Disorientation. Your pet stares at walls; can't get out of corners; wanders around with no purpose; displays poor balance; doesn't seem to know where she is.

Interactions. A usually social pet starts hiding under the couch; the chin rubs Fluffy usually loves now are greeted with an angry nip; routines like meeting you at the door or sleeping on a favorite chair are abandoned.

Sleep habits. Pets that spent the night with you in bed now seem to have insomnia, wandering through your home and crying; once-active pets take more naps during the day.

Housetraining. An increase in the frequency of accidents could indicate that your pet is "losing" her training mentally.
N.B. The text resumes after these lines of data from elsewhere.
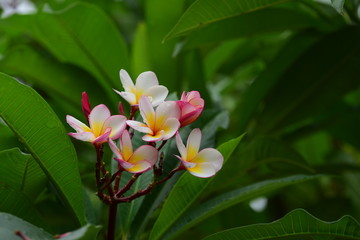 Colorful flowers in the garden.Plumeria flower blooming.Beautiful flowers in the garden Blooming in the summer	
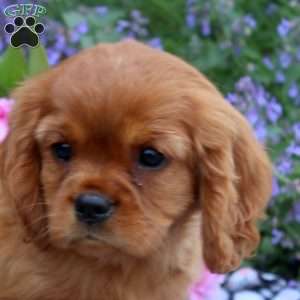 Billie, Cavalier King Charles Spaniel Puppy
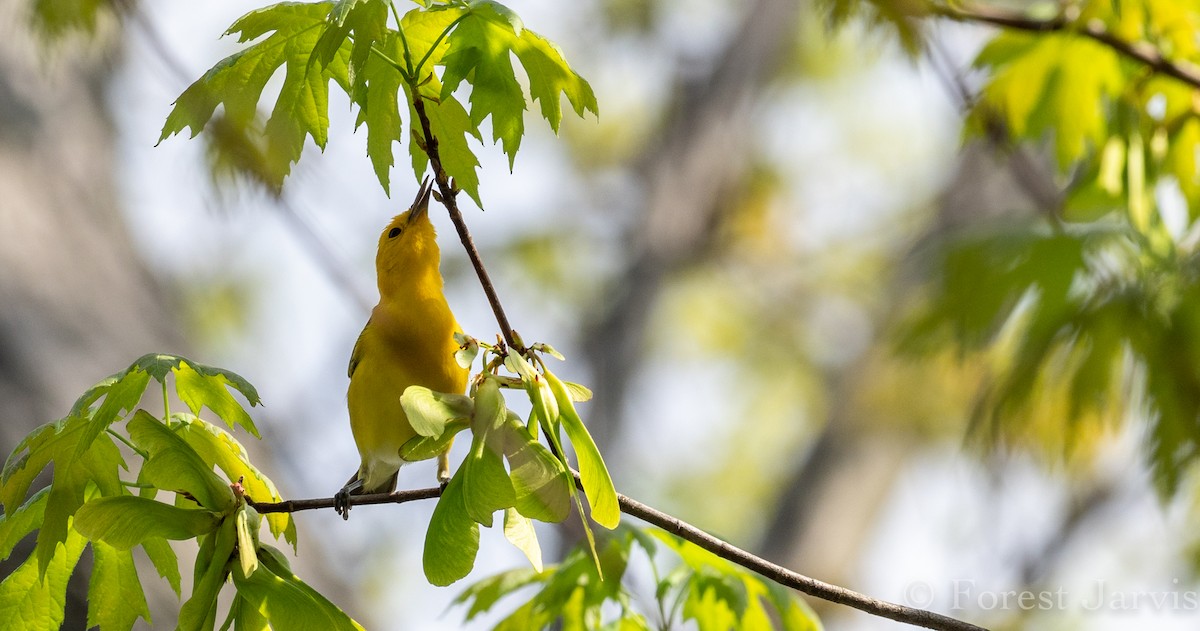 Prothonotary Warbler - Forest Botial-Jarvis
It could also signal a physical problem (arthritis; UTI), so always visit your vet to get more insight. Your vet can also suggest some changes to your pet's environment that may make her more comfortable – for instance, heated pet beds; litter boxes with lowered entry doors; pet doors with hydraulic mechanisms that won't bang shut on an achy dog's hip joints.
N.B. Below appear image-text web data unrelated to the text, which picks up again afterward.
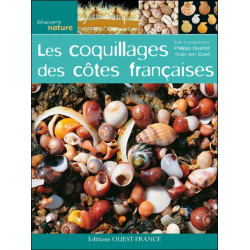 les coquillages des cotes francaises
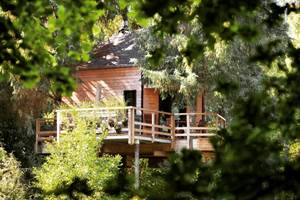 Vue sur la cabane dans les arbres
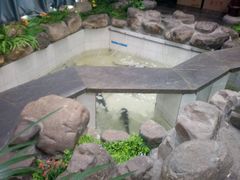 -春盛渔府(牛首山店)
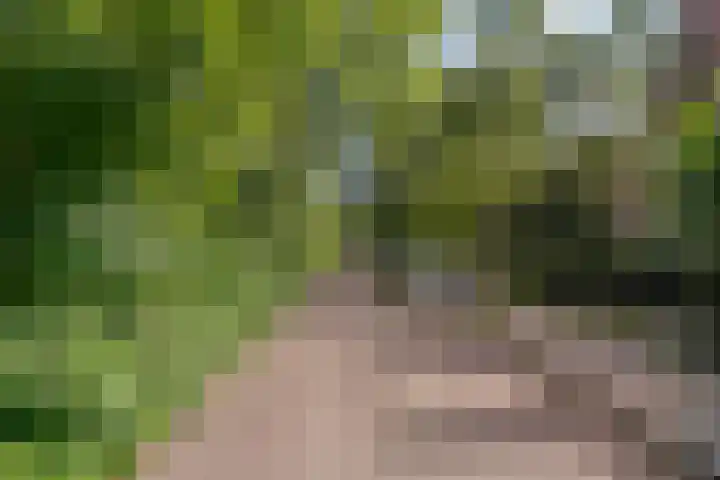 Jan Tooroplaan 53 Amstelveen thumbnail 61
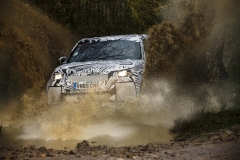 lrnewdiscotesting14091604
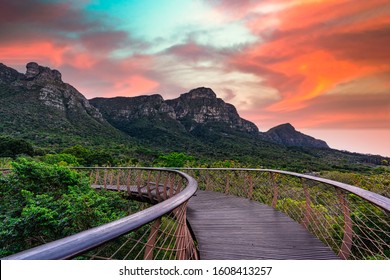 Kirstenbosch Tree Canopy Walkway, Mountains And Dramatic Sky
Or perhaps it's a medical problem you didn't know about, like hypertension (which can lead to CDS) or kidney disease. Loss of appetite, for instance, could mean Fido has "forgotten" that he likes Milkbones – or it could be diabetes.

What can you do to help? Again, visit the vet. Another condition or conditions could be giving the impression that your pet is senile when he's just uncomfortable or ill. If your veterinarian does think it's CDS, though, don't give up hope; she may suggest you change your pet's diet to get her more omega-3 fatty acids and antioxidants. There's also a medication called selegiline (Anipryl), which adjusts your pet's sleep rhythms and ability to focus. She can also prescribe analgesics for arthritis.

On your end, help regulate your pet's environment and reduce her stress by sticking to a routine of feeding and exercise; add more toileting opportunities, like another litter box or a midday walkies; up your pet's antioxidant intake, as it's great for brain health; and keep playing with and teaching your pet, as learning keeps their brains sharp just as it does ours.

And keep an eye on the seniors. The sooner you see the signs and intervene, the more you can slow down CDS's progress.